A partir do momento em que há televisões dedicadas ao fenómeno desportivo, funcionando em permanência 24 horas por dia, aumenta a possibilidade de um qualquer “jogo” ter tempo de antena e, por consequência, telespectadores. Onde há público, há receita publicitária, logo haverá merchandising, apostas desportivas, lavagem de dinheiro proveniente de actividades ilícitas, doping de atletas, viciação de resultados desportivos, insultos entre dirigentes, agressões de e por adeptos, “justiça desportiva” por oposição à justiça, comentários quanto à moral sexual das progenitoras dos árbitros, programas televisivos permanentes de exegese do fenómeno videodesportivo, publicações e websites especializados, campeonatos locais, regionais, nacionais, europeus, mundiais, galácticos e extragalácticos, medalhas, prémios, joy- sticks de ouro e teclados de prata,...
Porque haveria o desporto de ser estranho ao processo de alienação em curso?
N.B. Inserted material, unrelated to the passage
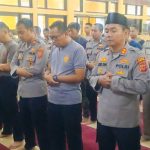 Jajaran Polres Sumedang Gelar Shalat Ghaib untuk Tiga Anggota Polri yang Gugur di Way Kanan Lampung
Se os seres humanos já passam mais tempo por dia na realidade virtual imposta pelas redes sociais do que a dormir, numa Comic-Con sem fim, por que bulas não devemos todos ser considerados atletas olímpicos de Pac-Man? Nos videojogos somos sempre melhores do que na realidade. No Second Life todos são mais belos, mais jovens, mais atléticos. A religião foi substituída como ópio do povo pela realidade virtual. A realidade virtual é a única deusa, e o videojogo o seu profeta.
Proponha-se que a entrada dos videojogos para a categoria das modalidades protegidas pelo olimpismo se faça sem restrições. Não há que limitar a natureza dos jogadores de videojogos à categoria humana. É de apoiar a inclusão de humanóides, robôs, computadores e programas de software. E nada de limitações picuinhas como as que promoveriam a competição dentro de cada categoria, humanos com humanos, humanóides com humanóides, robôs com robôs... Elogiando postumamente o grande atleta Tarzan Taborda, que se celebrizou na modalidade a que chamava “Vale tudo!”, incompreensivelmente conhecida como wrestling nos EUA, há que promover a luta de todos contra todos e que ganhe o melhor.
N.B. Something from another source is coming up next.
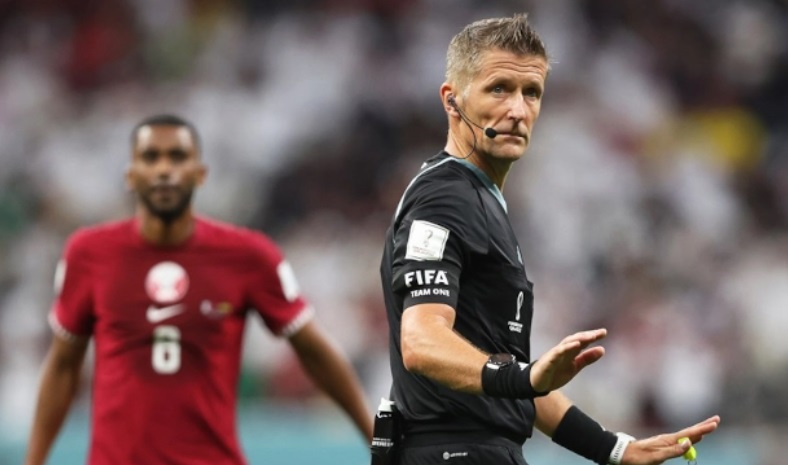 曾荣膺2020年最佳裁判  意名哨执法阿克大战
No novo Olimpo em que o Facebook é um deus menor, o Instagram um semideus, o Twitter um arcanjo e o WhatsApp um santo, que hipóteses há para os humanos poderem competir? Estarão os videojogos viciados por uma inteligência não humana que nos condena a jogar até perdermos a condição que nos identifica? A segunda versão das leis da robótica desenhadas por Asimov incluía a protecção da humanidade pelos robôs, reconhecendo tacitamente a incapacidade da humanidade para se proteger a si própria.
Caro e benigno leitor, adivinhe quem vai ganhar os Jogos Olímpicos do futuro?"